I am having nested json as source in gzip format. In Synapse pipeline I am using the dataflow activity where I have mentioned the compression type as gzip in the source dataset. The pipeline was executing fine for small size files under 10MB. When I tried to execute pipeline for a large gzip file about 89MB.
The dataflow activity failed with below error:
Error1 {"message":"Job failed due to reason: Cluster ran into out of memory issue during execution,
please retry using an integration runtime with bigger core count and/or memory optimized compute type.
Details:null","failureType":"UserError","target":"df_flatten_inf_provider_references_gz","errorCode":"DF-Executor-OutOfMemoryError"}
Requesting for your help and guidance.
To resolve Error1, I tried Azure integration runtime with bigger core count (128+16 cores) and memory optimized compute type but still the same error.
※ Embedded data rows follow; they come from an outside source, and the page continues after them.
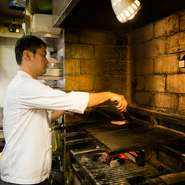 お客さまには食べたいものを食べていただきたい。「ボンゴレのビアンコをロッソにして」「パスタを少し硬めに茹でて」など、イタリア料理の枠から外れなければ、リクエストにお応えいたします。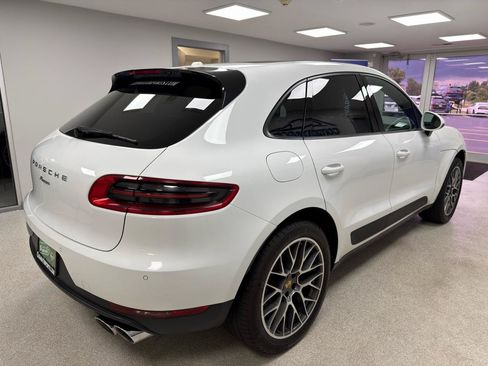 Used 2018 Porsche Macan AWD/4WD image 3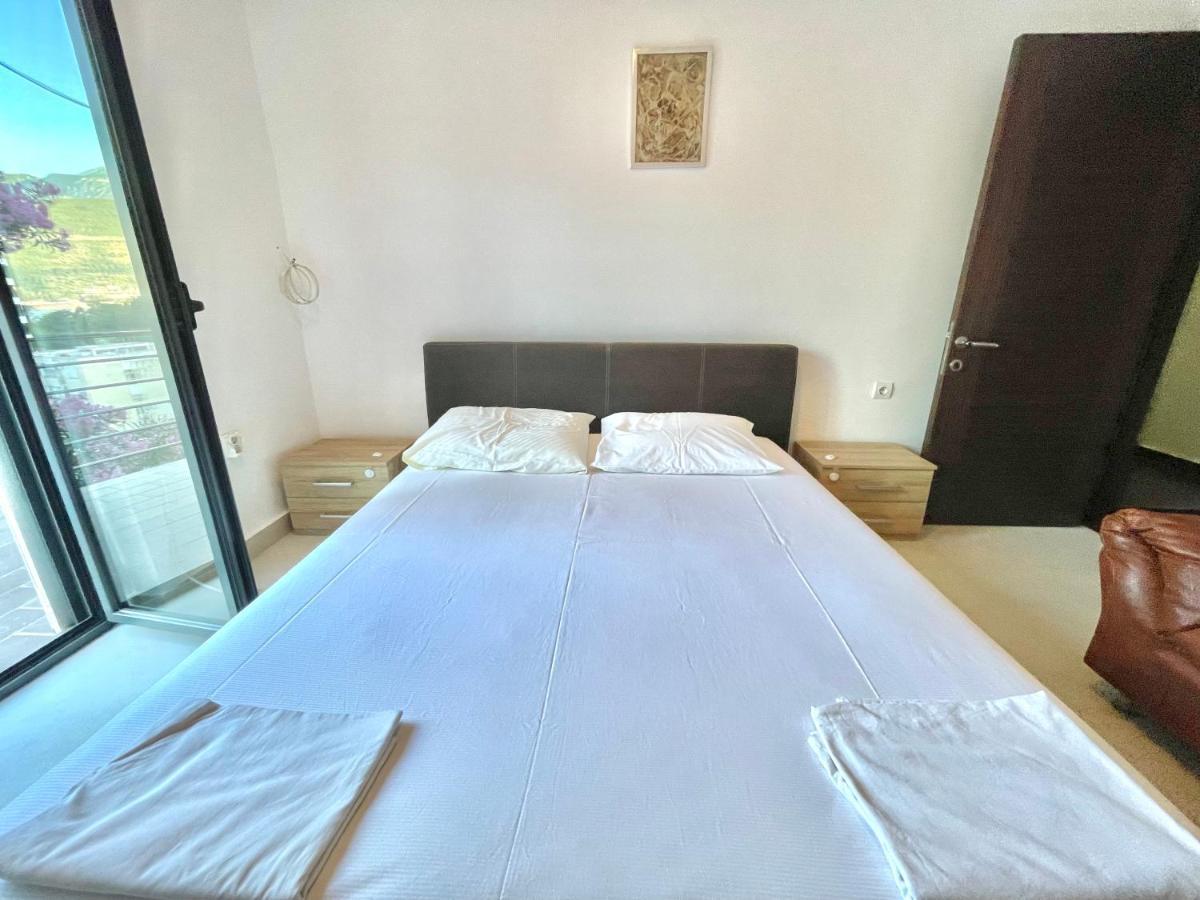 Sea View Apartments Milo 부드바 외부 사진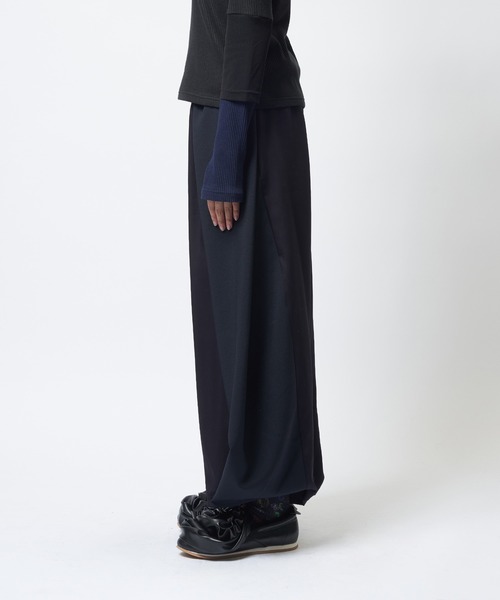 gomme（ゴム）の「ツイストツイルパンツ（その他パンツ・レディース・ネイビー/ブラック・MEDIUM）」の10枚目の写真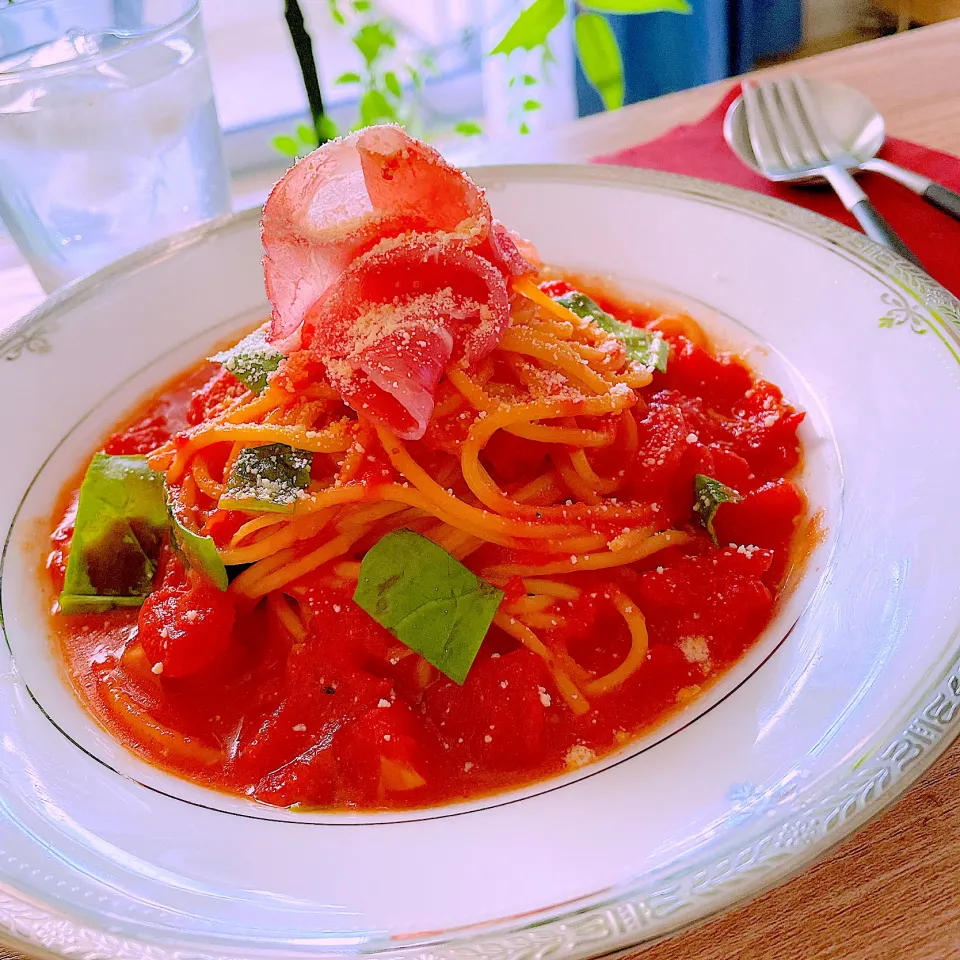 Snapdishの料理写真:🍝生ハムとベーコンのトマトクリームパスタ　🧛🏻‍♂️ドラキュラが食べたそうな・・（笑）😅|Sの食卓さん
I thought it could be too intensive to read json directly from gzip so I tried a basic copy data activity to decompress the gzip file first but still its failing with the same error.
As per your scenario I would recommend Instead of pulling all the data from Json file, pulled from small Json files. You first partitioned your big Json file in few parts with the dataflow using Round robin partition technique. and store this files into a folder in blob storage
Data is evenly distributed among divisions while using round robin. When you don't have excellent key candidates, use round-robin to put a decent, clever partitioning scheme into place. The number of physical divisions is programmable.
And after above process use these partitioned files to perform dataflow operations with for each activity and in last merge them in a single file.
Reference: Partition in dataflow.